Qu’en est-il d’UNNO, cette marque 100% from Barcelone ?
C’est un très long projet, qui s’est étalé sur plusieurs années, et qui est le fruit du studio Cero Design. De nombreuses personnes sont intervenues sur le projet et ont contribué à son développement. J’ai commencé à travailler en janvier 2014 lors de mon arrivée chez Cero, conjointement avec l’équipe de design engineers, pour construire une famille de vélos ayant un caractère et une identité commune en apportant une extrême attention aux détails. Participer à la création d’une marque c’est une expérience rare, et passionnante, qui demande beaucoup d’implication. Plus d’informations sont à venir dans les semaines qui suivent sur le site www.unno.com. Inscrivez-vous à la newsletter si vous souhaitez suivre cette nouvelle aventure !
Conçois-tu un vélo de la même façon que tout autre projet ?
Non, je pense que dessiner un vélo demande quelques connaissances et un brin de passion… Au même titre qu’un footwear designer (chaussures), ou watch designer (montre) par exemple. Il y a un procédé propre à cette typologie de produit. Avoir des connaissances et une expérience du milieu permet de créer des produits en adéquation avec le besoin des utilisateurs. Mais tout s’apprend, rien n’est acquis…
Aujourd’hui le vélo s’électrifie, se connecte : comment vois-tu son évolution dans le VTT et en général ?
Je pense que l’on est encore à l’aube du vélo électrique. Les choses bougent, doucement, car c’est un marché encore en pleine émergence, qui n’a pas la même maturité selon les pays… Mais on voit que les mœurs évoluent, avec la création de nombreuses catégories e-bike sur les événements en France par exemple.
Les fabricants travaillent de plus en plus sur les performances du couple batterie/moteur, ainsi que sur les options d’intégration.
La prochaine étape selon moi serais d’améliorer encore l’intégration du système, le rendre plus connecté avec l’utilisateur, et prendre du recul pour réfléchir au cycle d’usage du vélo en rendant sa production plus durable et respectueuse de l’environnement.
Sur quel(s) vélo(s) roules-tu ?
Je roule essentiellement sur un Canyon Spectral un peu « endurisé »… Mais j’aime bien varier les plaisirs, chaque vélo offre des sensations différentes. J’ai également un bike de XC, Scott Scale 899 (quand je vais faire un tour en montagne sur mon 26 pouces rigide, je me rend compte à quel point l’industrie du vélo évolue dans le bon sens), ainsi qu’un vieux Scott de route et un fixie Peugeot…et quelques autres projets en tête… Mais j’ai du mal à me séparer de mes anciens vélos.

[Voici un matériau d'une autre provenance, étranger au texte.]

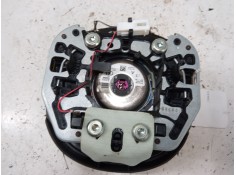 Recambio de airbag volante para fiat 500l (351_, 352_) 1.4 (199lyb1b) referencia OEM IAM 07356121160   2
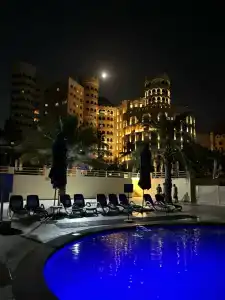 Al Hamra Residence - 68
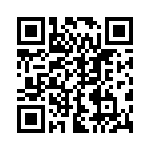 GBC30DCMT-S288 QRCode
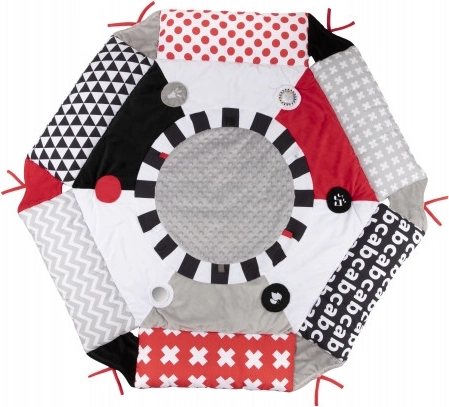 Viacúčelové použitie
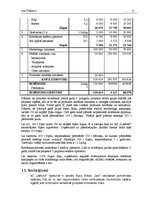 Biznesa plāns 'Jauna produkta ieviešana AS "Latfood"', 8.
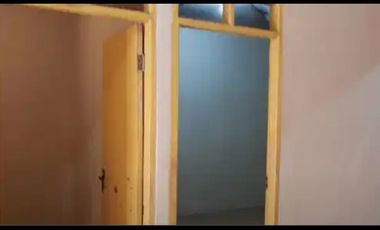 Super murah rumah di perumahan bekasi timur regency 3 cluster citrine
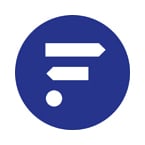 Fink & Fuchs AG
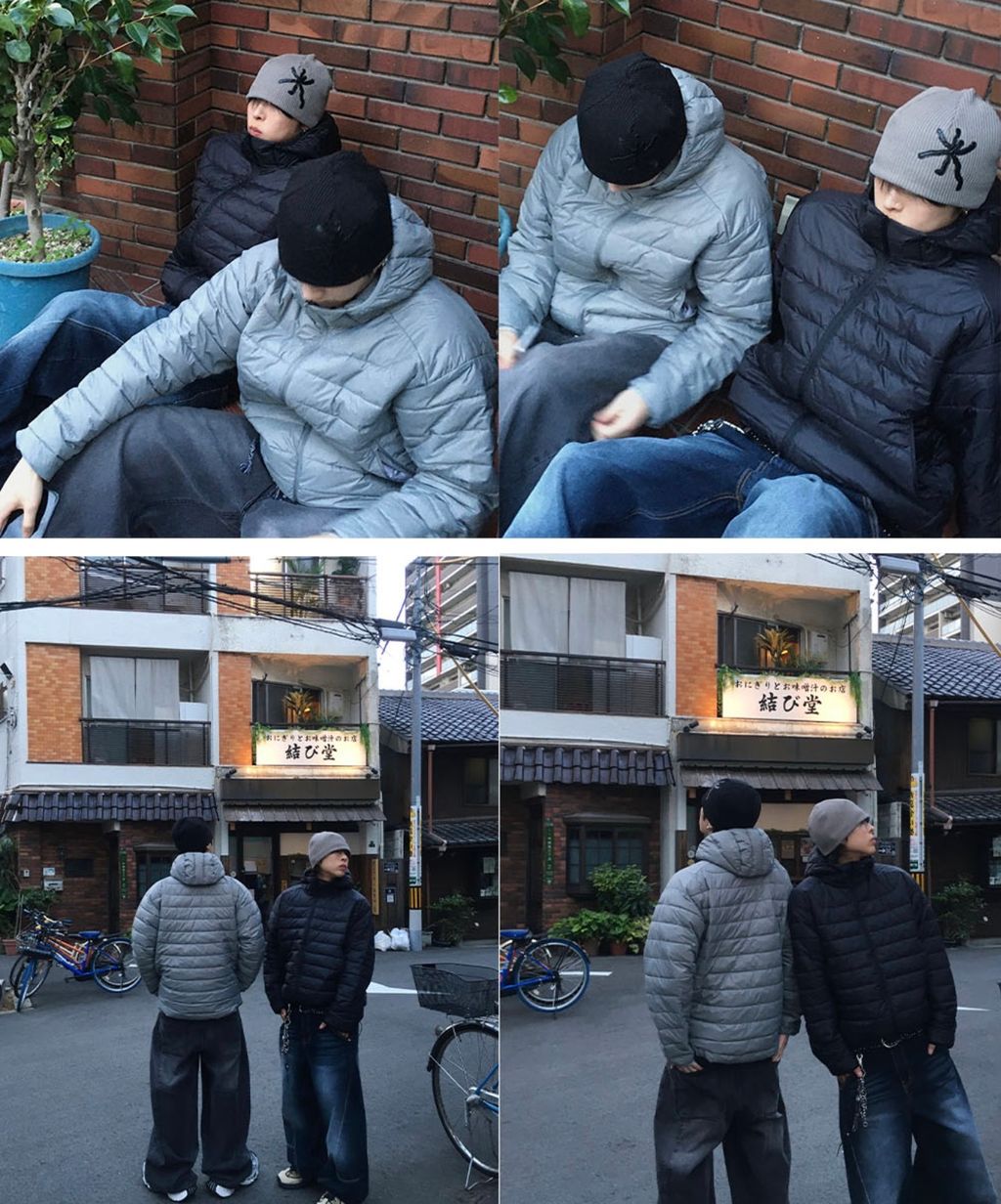 截圖 2025-01-02 下午3.50.36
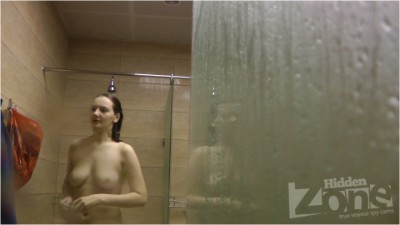 [Image: HID72424514341620260428.jpg]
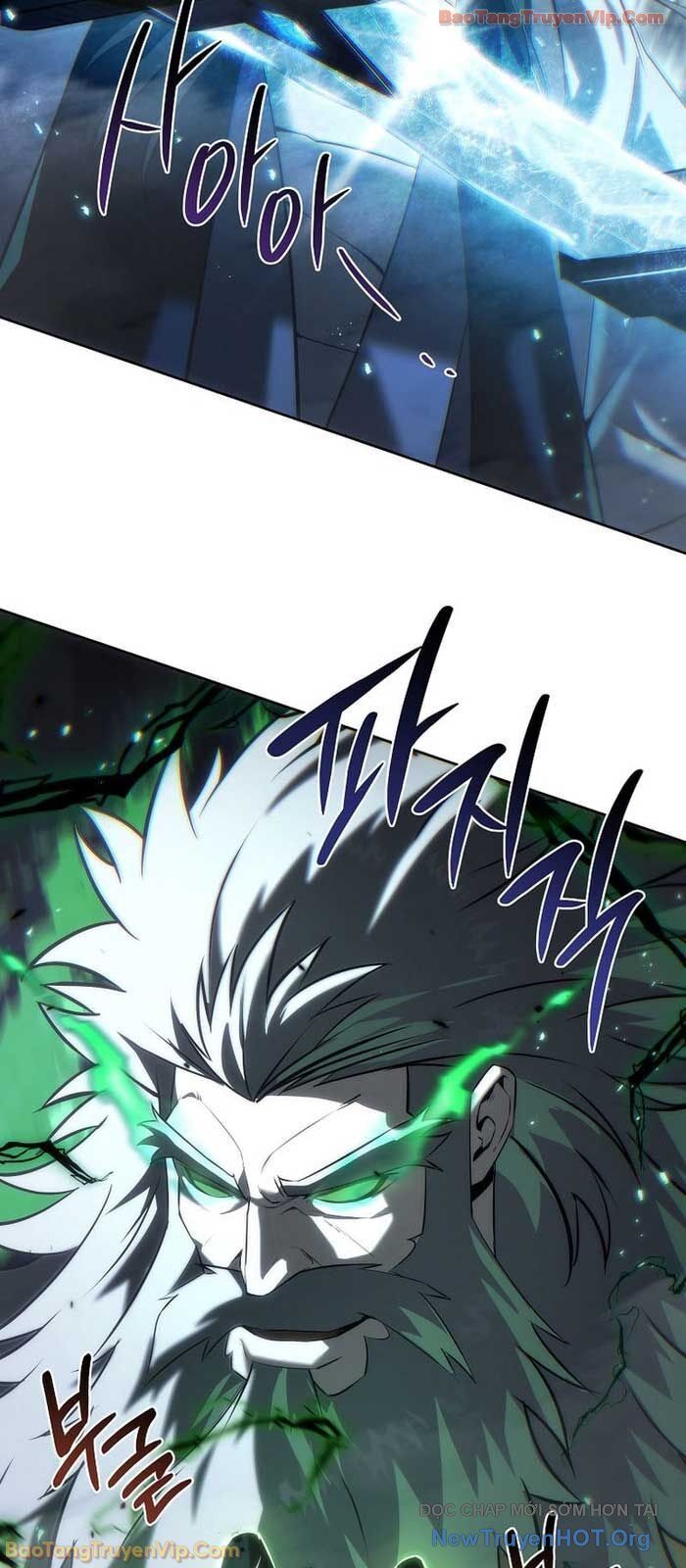 Chuyển Thế Ma Thần Ký Chapter 58.1 - 105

Pour conclure : veux-tu dire quelque chose aux lecteurs de Vélo et Design ?
Go big or go home !
Il skie l’hiver, il roule l’été et entretemps conçoit différents projets industriels, dont des vélos… ça fait rêver !
Au travers de son témoignage, on comprend les difficultés liées à la conception d’un cadre de VTT (notamment suspendu) où le designer semble n’avoir qu’une toute petite place derrière la technique. Pourtant, design et ingénierie sont bien liés et travaillent de concert pour obtenir un vélo performant et correspondant aux gènes de la marque. Une approche différente de Roxanne Lo, qu’il s’agisse de VTT ou d’autres produits.